• Your instructions:
Once the line with "Mercedes-Benz Vito Viano" is found in the data, output it and each following line exactly, up to and including the line with "Luxury 6 Bedroom", and nothing before or after.
╔══
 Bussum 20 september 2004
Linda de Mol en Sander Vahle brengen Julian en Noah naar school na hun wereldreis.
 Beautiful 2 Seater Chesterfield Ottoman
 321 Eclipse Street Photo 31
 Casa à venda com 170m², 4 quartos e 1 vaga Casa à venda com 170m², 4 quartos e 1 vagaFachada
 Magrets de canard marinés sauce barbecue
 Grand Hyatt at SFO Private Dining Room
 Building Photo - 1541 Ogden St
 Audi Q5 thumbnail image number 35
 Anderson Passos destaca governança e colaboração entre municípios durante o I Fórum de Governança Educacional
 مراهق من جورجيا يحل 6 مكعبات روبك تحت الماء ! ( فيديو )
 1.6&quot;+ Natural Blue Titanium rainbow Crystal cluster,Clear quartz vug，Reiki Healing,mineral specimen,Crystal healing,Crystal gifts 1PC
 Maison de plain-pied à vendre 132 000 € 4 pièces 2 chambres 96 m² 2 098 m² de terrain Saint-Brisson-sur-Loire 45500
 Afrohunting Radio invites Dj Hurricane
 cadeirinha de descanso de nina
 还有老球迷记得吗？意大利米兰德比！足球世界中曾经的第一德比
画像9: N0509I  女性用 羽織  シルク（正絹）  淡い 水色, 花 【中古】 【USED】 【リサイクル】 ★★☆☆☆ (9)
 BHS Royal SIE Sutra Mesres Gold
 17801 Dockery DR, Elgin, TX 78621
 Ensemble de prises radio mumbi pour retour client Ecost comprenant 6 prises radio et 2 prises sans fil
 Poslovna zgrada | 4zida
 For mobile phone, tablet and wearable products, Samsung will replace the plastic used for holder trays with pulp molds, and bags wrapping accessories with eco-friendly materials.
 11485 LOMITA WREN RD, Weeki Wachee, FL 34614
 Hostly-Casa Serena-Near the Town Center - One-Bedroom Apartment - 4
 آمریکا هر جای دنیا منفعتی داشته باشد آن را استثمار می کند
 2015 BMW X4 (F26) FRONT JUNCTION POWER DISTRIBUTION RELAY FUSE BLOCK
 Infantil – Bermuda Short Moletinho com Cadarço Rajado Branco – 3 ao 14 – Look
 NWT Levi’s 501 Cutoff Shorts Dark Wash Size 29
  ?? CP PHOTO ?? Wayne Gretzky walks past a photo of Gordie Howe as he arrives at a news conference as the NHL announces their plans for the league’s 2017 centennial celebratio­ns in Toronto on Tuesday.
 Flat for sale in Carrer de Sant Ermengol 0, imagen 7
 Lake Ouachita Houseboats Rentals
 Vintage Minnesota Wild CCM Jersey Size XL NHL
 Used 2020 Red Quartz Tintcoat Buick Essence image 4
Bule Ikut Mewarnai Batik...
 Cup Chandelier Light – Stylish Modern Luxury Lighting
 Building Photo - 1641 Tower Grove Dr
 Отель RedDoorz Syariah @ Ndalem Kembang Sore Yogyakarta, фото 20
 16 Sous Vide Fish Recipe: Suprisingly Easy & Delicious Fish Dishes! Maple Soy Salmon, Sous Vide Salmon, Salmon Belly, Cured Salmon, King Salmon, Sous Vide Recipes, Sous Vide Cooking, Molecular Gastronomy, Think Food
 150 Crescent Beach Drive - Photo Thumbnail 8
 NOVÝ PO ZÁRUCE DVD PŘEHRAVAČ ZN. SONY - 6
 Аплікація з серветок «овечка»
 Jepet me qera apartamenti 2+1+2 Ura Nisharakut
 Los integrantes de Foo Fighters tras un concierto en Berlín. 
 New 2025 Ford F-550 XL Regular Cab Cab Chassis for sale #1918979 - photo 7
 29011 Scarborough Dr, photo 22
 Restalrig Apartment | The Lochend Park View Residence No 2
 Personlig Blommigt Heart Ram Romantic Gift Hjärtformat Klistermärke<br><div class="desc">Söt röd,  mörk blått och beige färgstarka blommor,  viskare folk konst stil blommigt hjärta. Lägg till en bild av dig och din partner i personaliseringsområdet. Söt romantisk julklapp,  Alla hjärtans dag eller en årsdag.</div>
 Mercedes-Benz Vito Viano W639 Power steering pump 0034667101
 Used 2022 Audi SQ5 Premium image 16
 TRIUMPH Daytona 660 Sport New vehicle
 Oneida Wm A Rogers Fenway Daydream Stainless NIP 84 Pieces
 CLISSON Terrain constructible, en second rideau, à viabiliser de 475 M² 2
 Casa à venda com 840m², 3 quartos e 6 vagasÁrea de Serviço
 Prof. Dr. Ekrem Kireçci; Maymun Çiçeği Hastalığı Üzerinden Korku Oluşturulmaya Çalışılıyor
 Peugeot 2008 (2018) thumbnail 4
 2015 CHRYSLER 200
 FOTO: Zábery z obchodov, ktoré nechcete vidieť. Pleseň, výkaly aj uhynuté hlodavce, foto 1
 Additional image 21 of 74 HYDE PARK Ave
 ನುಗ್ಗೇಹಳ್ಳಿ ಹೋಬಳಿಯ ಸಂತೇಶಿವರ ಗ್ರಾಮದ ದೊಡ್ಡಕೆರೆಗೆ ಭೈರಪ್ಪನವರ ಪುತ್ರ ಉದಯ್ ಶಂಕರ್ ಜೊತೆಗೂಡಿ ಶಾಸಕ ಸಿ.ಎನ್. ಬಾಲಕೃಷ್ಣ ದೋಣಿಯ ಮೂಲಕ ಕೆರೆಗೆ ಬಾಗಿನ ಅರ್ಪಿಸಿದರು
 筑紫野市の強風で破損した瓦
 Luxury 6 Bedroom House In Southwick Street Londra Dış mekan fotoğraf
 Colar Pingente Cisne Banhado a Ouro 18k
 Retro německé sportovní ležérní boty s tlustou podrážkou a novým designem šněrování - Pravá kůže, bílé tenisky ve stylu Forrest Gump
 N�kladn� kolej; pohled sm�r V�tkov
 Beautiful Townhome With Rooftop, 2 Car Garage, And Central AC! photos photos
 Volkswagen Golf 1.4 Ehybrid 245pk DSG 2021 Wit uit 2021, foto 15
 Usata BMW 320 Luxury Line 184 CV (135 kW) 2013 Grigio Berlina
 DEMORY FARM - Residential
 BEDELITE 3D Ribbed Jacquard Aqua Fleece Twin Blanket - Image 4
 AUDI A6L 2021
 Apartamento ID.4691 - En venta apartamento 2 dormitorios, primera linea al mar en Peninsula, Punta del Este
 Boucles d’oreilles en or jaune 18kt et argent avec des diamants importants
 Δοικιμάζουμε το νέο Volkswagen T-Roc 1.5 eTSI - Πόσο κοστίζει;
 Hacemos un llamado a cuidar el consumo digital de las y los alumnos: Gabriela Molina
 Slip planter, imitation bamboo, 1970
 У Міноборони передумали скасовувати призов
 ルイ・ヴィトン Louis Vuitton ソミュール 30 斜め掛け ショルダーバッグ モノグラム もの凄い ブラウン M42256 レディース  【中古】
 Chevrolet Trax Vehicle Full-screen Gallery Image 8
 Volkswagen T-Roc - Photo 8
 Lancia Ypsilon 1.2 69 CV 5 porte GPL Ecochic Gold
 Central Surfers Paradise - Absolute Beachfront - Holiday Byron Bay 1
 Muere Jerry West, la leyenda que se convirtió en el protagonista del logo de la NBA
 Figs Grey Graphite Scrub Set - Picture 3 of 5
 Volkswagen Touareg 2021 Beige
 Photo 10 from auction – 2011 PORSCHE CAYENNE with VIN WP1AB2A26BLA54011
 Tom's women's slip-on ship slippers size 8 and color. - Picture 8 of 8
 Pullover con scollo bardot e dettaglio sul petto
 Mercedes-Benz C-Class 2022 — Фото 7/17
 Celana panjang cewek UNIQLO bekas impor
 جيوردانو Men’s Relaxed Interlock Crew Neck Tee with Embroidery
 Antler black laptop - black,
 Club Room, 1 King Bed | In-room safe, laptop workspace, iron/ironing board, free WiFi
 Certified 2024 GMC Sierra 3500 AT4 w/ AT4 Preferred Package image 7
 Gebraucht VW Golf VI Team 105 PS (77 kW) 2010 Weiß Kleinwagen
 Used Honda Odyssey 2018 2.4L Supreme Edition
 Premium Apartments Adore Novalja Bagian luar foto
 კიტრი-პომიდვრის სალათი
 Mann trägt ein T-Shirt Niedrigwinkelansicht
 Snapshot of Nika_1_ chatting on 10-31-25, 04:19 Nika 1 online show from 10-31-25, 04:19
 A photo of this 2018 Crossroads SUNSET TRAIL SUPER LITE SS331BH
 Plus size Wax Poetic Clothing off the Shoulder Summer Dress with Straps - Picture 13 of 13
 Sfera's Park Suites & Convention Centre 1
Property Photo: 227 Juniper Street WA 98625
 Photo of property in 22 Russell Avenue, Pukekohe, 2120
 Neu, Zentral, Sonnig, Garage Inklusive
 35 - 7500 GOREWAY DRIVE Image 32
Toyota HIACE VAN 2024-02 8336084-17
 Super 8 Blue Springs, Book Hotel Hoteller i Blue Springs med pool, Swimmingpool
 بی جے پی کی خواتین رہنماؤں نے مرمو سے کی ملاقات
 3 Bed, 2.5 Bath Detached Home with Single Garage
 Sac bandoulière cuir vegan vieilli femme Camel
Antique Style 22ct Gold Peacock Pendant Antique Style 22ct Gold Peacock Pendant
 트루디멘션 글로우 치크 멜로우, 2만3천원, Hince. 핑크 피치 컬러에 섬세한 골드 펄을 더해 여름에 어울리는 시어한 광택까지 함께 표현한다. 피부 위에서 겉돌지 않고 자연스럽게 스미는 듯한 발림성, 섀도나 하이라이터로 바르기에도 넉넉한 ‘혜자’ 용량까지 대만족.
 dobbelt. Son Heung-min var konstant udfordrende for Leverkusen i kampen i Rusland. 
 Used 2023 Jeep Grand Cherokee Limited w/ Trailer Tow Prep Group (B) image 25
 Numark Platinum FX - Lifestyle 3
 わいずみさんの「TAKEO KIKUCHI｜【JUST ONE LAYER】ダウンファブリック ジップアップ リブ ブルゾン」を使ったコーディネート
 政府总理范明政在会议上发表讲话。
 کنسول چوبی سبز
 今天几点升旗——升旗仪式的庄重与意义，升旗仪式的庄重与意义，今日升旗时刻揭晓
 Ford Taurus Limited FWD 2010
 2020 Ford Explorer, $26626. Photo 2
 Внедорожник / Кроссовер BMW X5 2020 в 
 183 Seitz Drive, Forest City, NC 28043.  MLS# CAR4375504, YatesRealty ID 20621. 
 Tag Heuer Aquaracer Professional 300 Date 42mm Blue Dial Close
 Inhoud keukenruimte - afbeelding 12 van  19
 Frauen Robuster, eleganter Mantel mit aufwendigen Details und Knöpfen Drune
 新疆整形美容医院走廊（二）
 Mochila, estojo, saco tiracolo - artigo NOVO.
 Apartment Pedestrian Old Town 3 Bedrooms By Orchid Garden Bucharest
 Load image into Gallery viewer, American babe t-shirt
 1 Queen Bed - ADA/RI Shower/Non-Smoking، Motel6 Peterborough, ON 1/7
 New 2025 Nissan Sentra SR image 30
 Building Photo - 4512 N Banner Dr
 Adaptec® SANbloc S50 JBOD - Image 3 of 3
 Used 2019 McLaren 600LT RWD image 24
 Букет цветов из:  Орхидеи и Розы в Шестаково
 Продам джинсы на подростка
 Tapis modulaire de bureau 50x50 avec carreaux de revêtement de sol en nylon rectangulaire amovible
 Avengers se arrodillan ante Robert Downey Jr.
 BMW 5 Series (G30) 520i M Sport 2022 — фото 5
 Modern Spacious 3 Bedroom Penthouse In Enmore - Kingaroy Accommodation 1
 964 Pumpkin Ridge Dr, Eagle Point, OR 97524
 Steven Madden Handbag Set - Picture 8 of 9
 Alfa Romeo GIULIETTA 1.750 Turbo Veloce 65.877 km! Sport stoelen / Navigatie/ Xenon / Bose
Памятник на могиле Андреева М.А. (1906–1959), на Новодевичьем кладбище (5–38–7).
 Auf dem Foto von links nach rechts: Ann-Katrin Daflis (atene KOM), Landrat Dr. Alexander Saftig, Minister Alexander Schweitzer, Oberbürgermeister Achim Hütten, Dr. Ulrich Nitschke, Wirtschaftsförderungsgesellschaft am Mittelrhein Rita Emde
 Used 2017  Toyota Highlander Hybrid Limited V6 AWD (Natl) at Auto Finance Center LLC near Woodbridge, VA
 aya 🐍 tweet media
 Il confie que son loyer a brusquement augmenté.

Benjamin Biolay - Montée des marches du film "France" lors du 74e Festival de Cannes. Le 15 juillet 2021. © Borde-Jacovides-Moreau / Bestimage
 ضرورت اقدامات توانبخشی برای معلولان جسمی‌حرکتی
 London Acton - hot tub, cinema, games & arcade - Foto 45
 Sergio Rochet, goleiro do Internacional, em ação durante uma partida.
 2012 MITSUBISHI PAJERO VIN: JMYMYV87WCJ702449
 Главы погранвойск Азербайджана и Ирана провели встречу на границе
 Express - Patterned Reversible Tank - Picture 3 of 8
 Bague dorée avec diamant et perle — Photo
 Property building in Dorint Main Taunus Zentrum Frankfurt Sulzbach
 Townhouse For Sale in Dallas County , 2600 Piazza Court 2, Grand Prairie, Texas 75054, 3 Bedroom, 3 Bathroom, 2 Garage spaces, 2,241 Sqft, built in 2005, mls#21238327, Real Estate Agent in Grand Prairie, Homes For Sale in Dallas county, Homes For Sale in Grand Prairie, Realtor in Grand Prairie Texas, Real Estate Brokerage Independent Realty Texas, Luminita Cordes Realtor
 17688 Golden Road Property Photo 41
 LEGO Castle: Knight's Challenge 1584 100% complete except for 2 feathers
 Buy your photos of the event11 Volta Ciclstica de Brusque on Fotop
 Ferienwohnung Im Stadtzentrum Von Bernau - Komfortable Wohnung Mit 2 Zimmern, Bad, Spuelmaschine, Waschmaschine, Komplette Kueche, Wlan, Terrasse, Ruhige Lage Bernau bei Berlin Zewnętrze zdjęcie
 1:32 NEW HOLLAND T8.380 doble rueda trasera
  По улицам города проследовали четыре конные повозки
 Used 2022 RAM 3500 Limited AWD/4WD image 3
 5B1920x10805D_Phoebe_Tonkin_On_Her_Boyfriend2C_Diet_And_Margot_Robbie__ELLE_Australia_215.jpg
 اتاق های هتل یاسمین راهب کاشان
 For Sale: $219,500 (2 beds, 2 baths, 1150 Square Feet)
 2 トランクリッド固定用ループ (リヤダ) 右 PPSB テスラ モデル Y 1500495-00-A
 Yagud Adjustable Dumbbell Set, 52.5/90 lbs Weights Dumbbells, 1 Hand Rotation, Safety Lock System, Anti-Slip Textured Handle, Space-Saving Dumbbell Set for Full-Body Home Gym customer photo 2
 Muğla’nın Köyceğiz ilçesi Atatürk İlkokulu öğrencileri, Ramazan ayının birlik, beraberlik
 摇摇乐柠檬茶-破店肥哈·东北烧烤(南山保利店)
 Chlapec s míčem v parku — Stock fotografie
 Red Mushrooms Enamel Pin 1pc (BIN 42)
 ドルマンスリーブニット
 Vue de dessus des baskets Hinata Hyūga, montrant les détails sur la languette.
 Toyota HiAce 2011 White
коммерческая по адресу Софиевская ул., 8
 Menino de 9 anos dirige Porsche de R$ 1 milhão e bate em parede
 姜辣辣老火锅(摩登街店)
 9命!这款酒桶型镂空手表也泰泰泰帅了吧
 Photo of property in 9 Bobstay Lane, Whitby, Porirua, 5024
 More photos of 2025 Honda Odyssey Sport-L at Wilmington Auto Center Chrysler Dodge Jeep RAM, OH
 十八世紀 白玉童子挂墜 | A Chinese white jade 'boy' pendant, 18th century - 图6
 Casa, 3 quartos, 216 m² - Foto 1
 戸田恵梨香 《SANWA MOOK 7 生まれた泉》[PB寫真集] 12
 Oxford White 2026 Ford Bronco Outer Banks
╚══
• Your solution:
 Mercedes-Benz Vito Viano W639 Power steering pump 0034667101
 Used 2022 Audi SQ5 Premium image 16
 TRIUMPH Daytona 660 Sport New vehicle
 Oneida Wm A Rogers Fenway Daydream Stainless NIP 84 Pieces
 CLISSON Terrain constructible, en second rideau, à viabiliser de 475 M² 2
 Casa à venda com 840m², 3 quartos e 6 vagasÁrea de Serviço
 Prof. Dr. Ekrem Kireçci; Maymun Çiçeği Hastalığı Üzerinden Korku Oluşturulmaya Çalışılıyor
 Peugeot 2008 (2018) thumbnail 4
 2015 CHRYSLER 200
 FOTO: Zábery z obchodov, ktoré nechcete vidieť. Pleseň, výkaly aj uhynuté hlodavce, foto 1
 Additional image 21 of 74 HYDE PARK Ave
 ನುಗ್ಗೇಹಳ್ಳಿ ಹೋಬಳಿಯ ಸಂತೇಶಿವರ ಗ್ರಾಮದ ದೊಡ್ಡಕೆರೆಗೆ ಭೈರಪ್ಪನವರ ಪುತ್ರ ಉದಯ್ ಶಂಕರ್ ಜೊತೆಗೂಡಿ ಶಾಸಕ ಸಿ.ಎನ್. ಬಾಲಕೃಷ್ಣ ದೋಣಿಯ ಮೂಲಕ ಕೆರೆಗೆ ಬಾಗಿನ ಅರ್ಪಿಸಿದರು
 筑紫野市の強風で破損した瓦
 Luxury 6 Bedroom House In Southwick Street Londra Dış mekan fotoğraf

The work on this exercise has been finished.